El vídeo tiktokero de una enfermera gaditana que trabaja con un contrato temporal en Cataluña y en el que expresa su rechazo al requisito obligatorio del nivel C1 de catalán para acceder a un puesto fijo en la función pública catalana, merece una reflexión serena.
Es evidente que en una región como la catalana en la que la realidad sociolingüística certifica el uso corriente de dos lenguas —una, el español, idioma que todo español tiene la obligación de conocer y otra, el catalán, lengua cooficial de uso generalizado—, su Gobierno puede establecer requisitos de conocimiento de la lengua catalana para el acceso a la función pública. Con la condición de que sean requisitos razonables que no vulneren de manera flagrante el derecho de acceso en igualdad de oportunidades a un puesto de funcionario.
En este sentido, y para el puesto de enfermera en el sistema de sanidad pública catalana, el requisito de nivel C1 de catalán es, sin duda, irracional y excluyente. El C1 es un nivel avanzado que certifica que una persona es capaz de entender cualquier contexto y registro, incluidos artículos técnicos, y lo habla con extraordinaria fluidez, de una manera estructurada y coherente, sin pausas y con un vocabulario extenso. Por decirlo de otra manera más sencilla: es un nivel de comprensión y comunicación tan alto que, si fuera el C1 de español, alguna ministra de este Gobierno no lo podría obtener.
Es evidente que el ejercicio profesional de la Enfermería, como ciencia de la salud destinada a la prestación de asistencia sanitaria a las personas, requiere, en general, la capacidad de entender al paciente y comunicarse con él. En este sentido, y con una lengua común como el español que todos los españoles tienen el deber de conocer según manda la Constitución, debería bastar que una enfermera graduada acreditase su competencia en español para poder ejercer en cualquier lugar de España. Pero convengamos en que puede haber un interés legítimo en proteger el derecho de las personas a relacionarse con la Administración en otra lengua cooficial de su preferencia.
Para ello, la experiencia de cualquier profesional de la asistencia sanitaria nos indica que bastaría con un nivel bajo (A2) o, todo lo más, intermedio (B1), que permitiera comprender al paciente obstinado en el uso de otra lengua diferente al español e informarle de forma cohesionada e inteligible sobre el diagnóstico realizado y el tratamiento o cura a realizar.

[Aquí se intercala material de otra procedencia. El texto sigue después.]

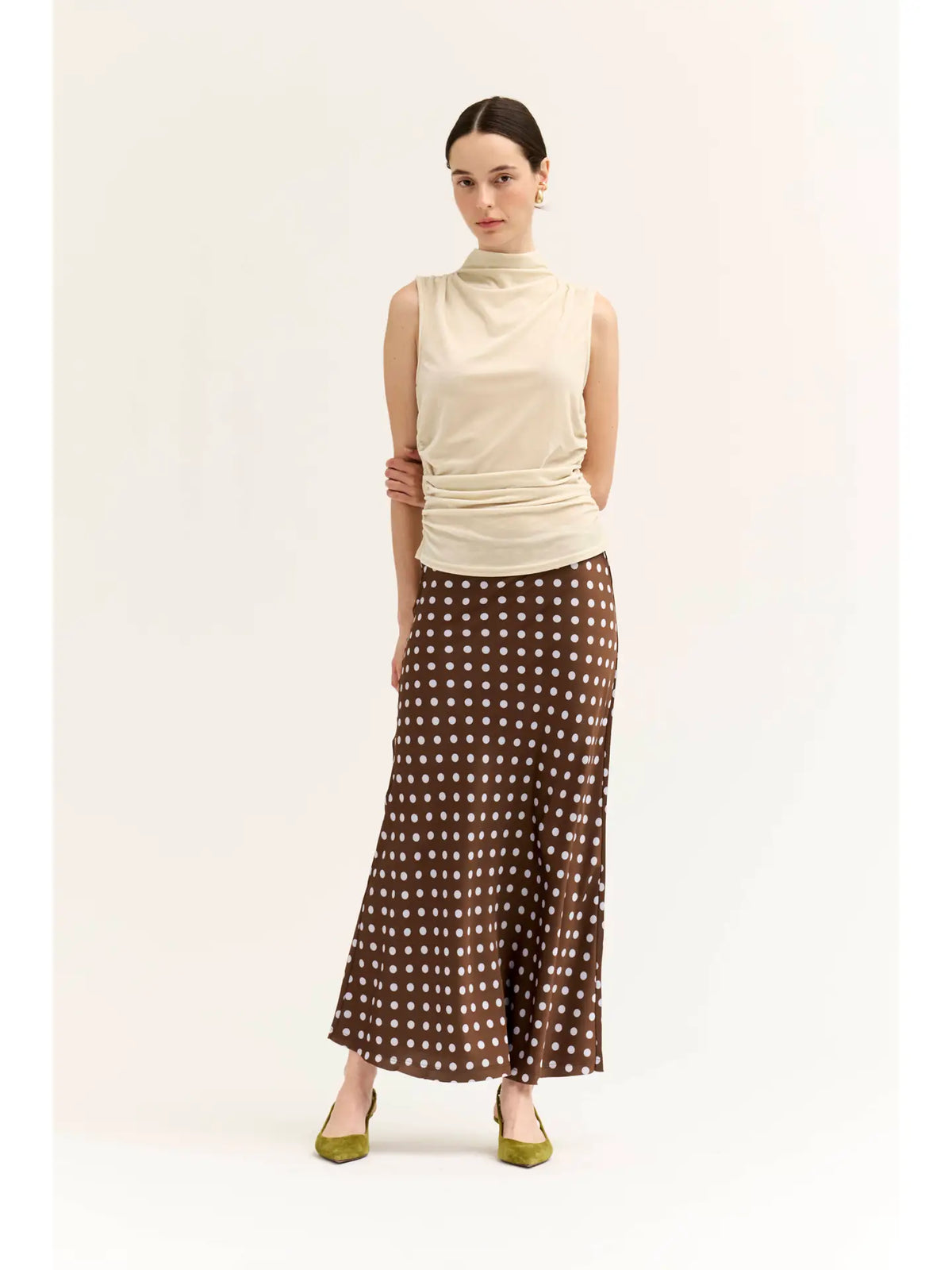 Grade + Gather - Polka Dot Slip Skirt - Brown + Blue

Esto sería lo razonable. Por desgracia, el sentido común, el difunto seny del que hacían gala los políticos nacionalistas catalanes, ahora es rauxa, la rabia fóbica separatista a todo lo español. De ahí el requisito irracional del C1 de catalán en las oposiciones a enfermera del sistema sanitario catalán, que no obedece al anhelo de conseguir la mejor atención sanitaria para un paciente, sino en la imposición de un requisito desmedido y abusivo que busca la exclusión como funcionario de cualquier profesional de la enfermería que no haya estudiado en Cataluña.
La mejor prueba para la defensa de la honradez de este análisis es la reacción que ha suscitado el vídeo de la enfermera y que ha sido atacada, señalada y despreciada con saña desmedida desde las filas del separatismo y de su fiel mayordomo, el socialismo catalán —incluido un sindicato como la UGT que de nuevo incumple su función esencial de protección del trabajador—, hasta causarle la baja por ansiedad.

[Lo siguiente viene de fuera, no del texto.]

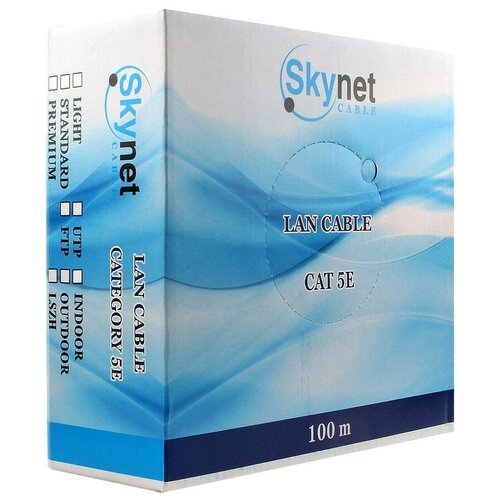 Кабель Skynet CSP-FTP-4-CU/100, 100 м, 1 шт., белый сетевой кабель skynet premium ftp indoor 4x2x0 51 cat 5e 305m grey csp ftp 4 cu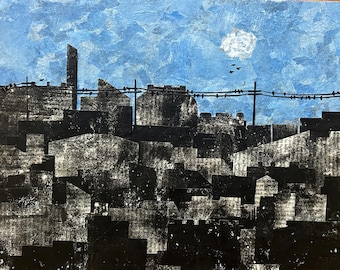 Nightscape - 11x14 original mixed media collage - paper art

A pesar de las formas usadas por la enfermera gaditana, propias de un vídeo desenfadado, el fondo de su queja es razonable y pertinente. La sanidad catalana sólo se mantiene, y a duras penas, gracias a miles de médicos y enfermeros de toda España a los que la administración sanitaria catalana agradece su competencia y su profesionalidad excluyéndolos de la posibilidad de obtener una plaza fija con requisitos irrazonables y discriminatorios.

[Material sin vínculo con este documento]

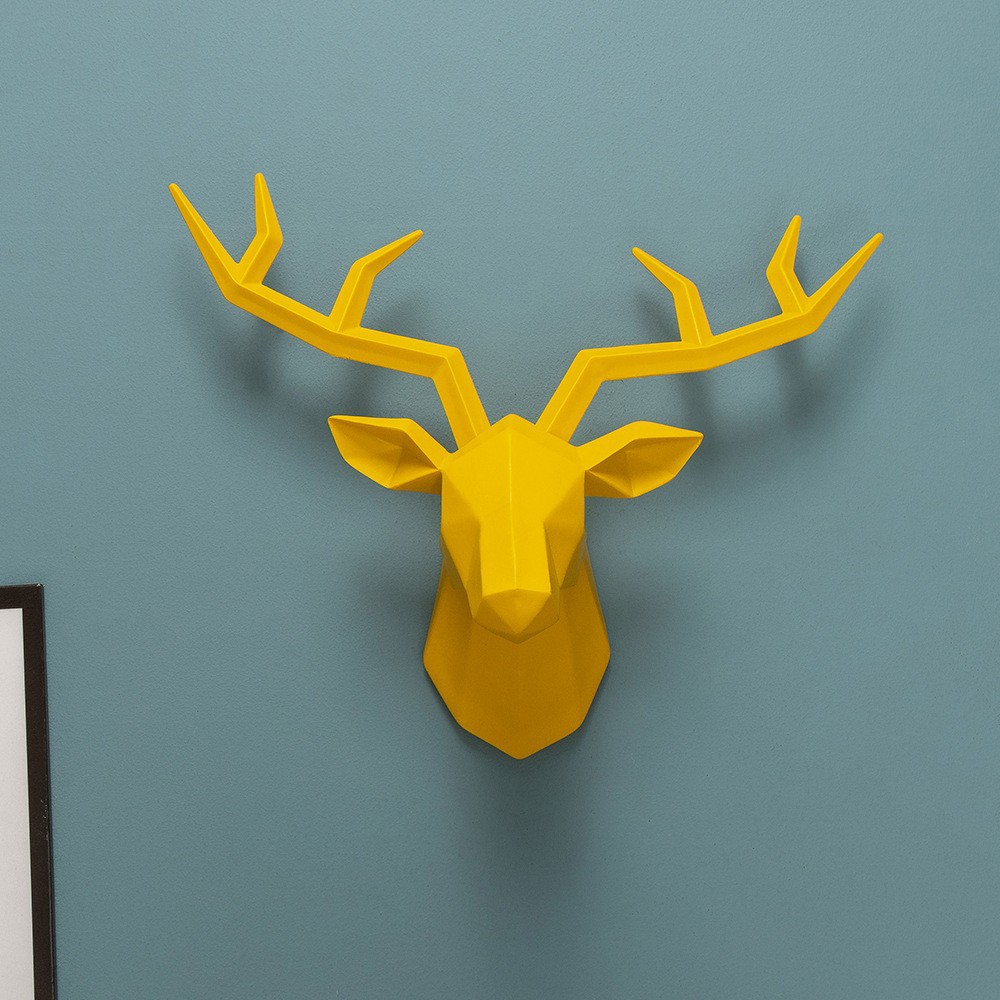 노란색 기하학적 사슴 머리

Llegados a este punto de irracionalidad, lo único que podemos desear es que algún día, lo más pronto posible, por el bien de la enfermera gaditana, de sus pacientes y del conjunto de la sociedad catalana, haya por fin un Gobierno nacional que, sin complejos, impida el uso de las lenguas regionales como armas de adoctrinamiento y de exclusión de millones de españoles. Parece mentira que a estas alturas de la historia, la realidad nos obligue a anhelar lo obvio. Pero así están las cosas después de 45 años de sumisión.